The rich are eccentric where everyone else is merely strange.  Lady Emily's mother, however, has no tolerance for either.  This fact sets up some of the most entertaining scenes in Behind the Shattered Glass, Tasha Alexander's eighth mystery.  Lady Catherine Bromley, wife of an Earl and confidant of Queen Victoria, is *not* amused when her daughter's neighbor staggers across the threshold and dies.  It's just not what one expects when visiting your daughter, her husband Colin, and their infant twins at his family's country seat.  Colin has no choice but to investigate, and (to her mother's chagrin) enlist's Emily's help.

The Hargraveses barely knew the newly elevated Marquess of Montague when he had the gall to die upon their doorstep, but they were mildly acquainted with his cousin Matilda, heir to the title - or so she thinks.  It turns out that there's a missing heir, a young man who's the product of a shunned family line and who has spent his adult life as an explorer and adventurer.  Matilda asks Emily to prove that this *Rodney* person is not the product of a legitimate line, and anyone familiar with the screwball comedies of the 1930s should know that by the end of the book, it won't matter.  More seriously, Emily and Colin also investigate the late Marquess's background, finding him more and more unsavory with every discovery.  Technically a gentleman but no gentleman, he'd misused an Oxford friend and dallied with the vicar's daughter while forming an engagement to an American millionaire's daughter - and that's just what Colin and Emily discover in the first day or so of their investigation.

As she's done with most of her mysteries, Alexander includes a parallel narrative which eventually ties into the main plot.  Lily, an artistically and musically inclined housemaid, tells this part of the story, including backstairs squabbles and potentially important information about the night of the murder.  Lily also catches the attention of Colin's friend Simon, a Duke whose eccentricity includes treating servants like people.
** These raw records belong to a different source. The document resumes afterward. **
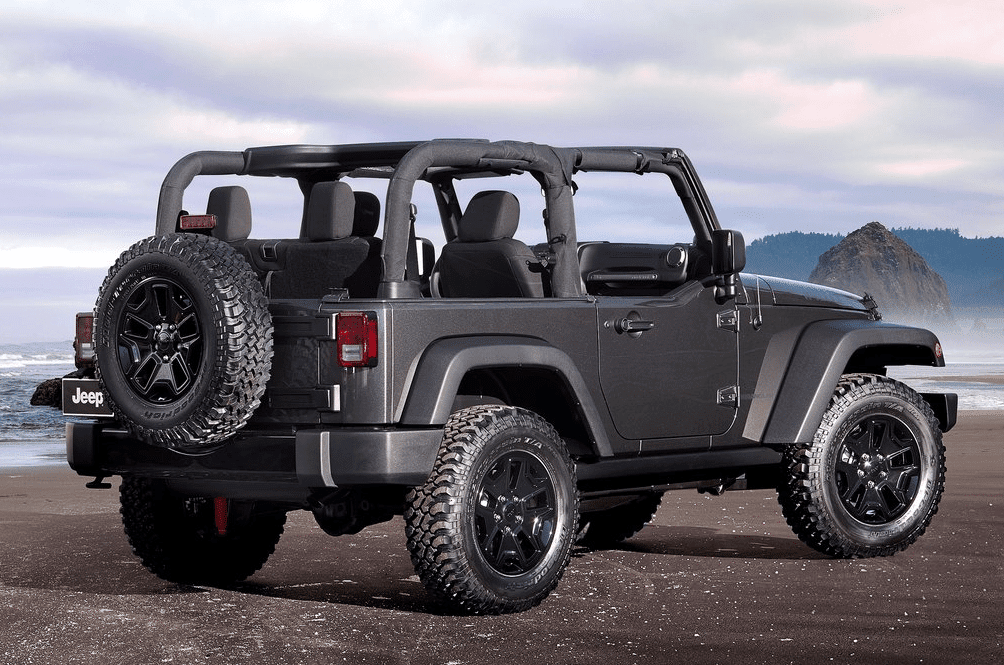 Jeep Wrangler Sales Figures | GCBC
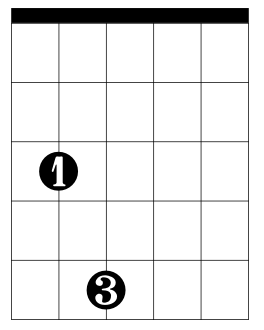 Root five C5 power chord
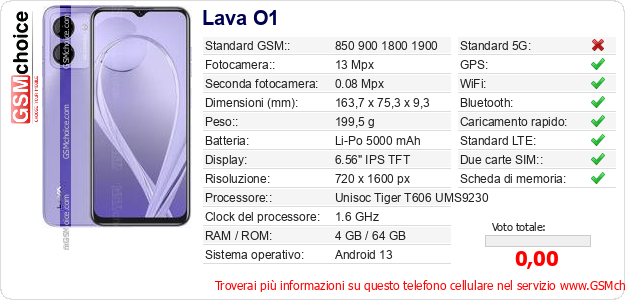 Lava O1 Dati tecnici di telefono cellulare Lava O1 Dati tecnici di telefono cellulare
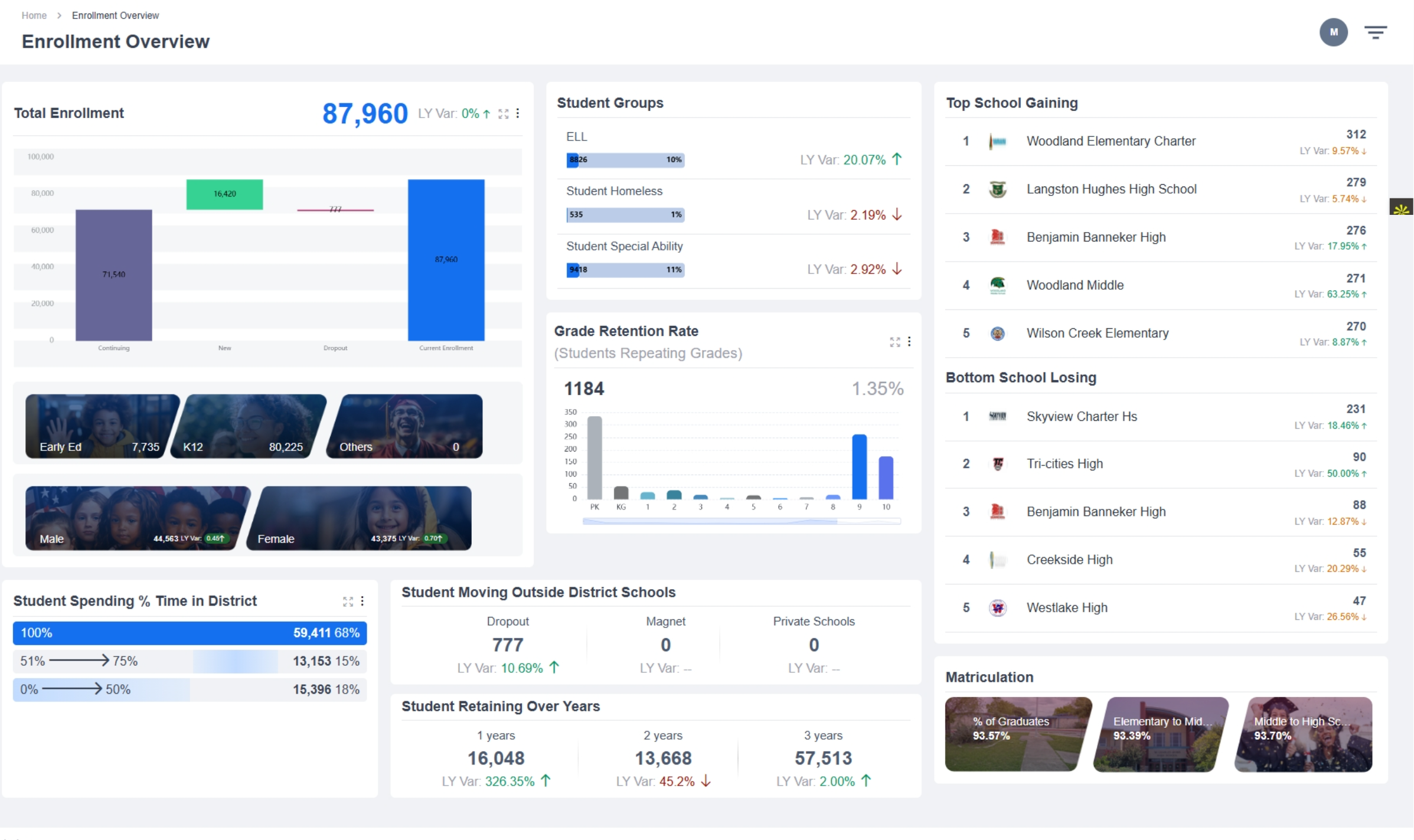 Hexalytics gallery image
Simon isn't the only person who's chafing at the restrictions of Victorian society.  Emily, as mentioned in A Crimson Warning has joined her mother-in-law in the suffrage movement.  It's a cause Colin can't bring himself to support but he, unlike his wife the Earl's daughter, believes that class distinctions should start falling.  120 years later, they both seem to have giant blind spots but for the time, they're quite progressive.  I liked how Alexander showed that the two can disagree while still gently pushing each other towards their own causes.  I wonder if she's going to take a more political turn in later episodes.  That could be very interesting.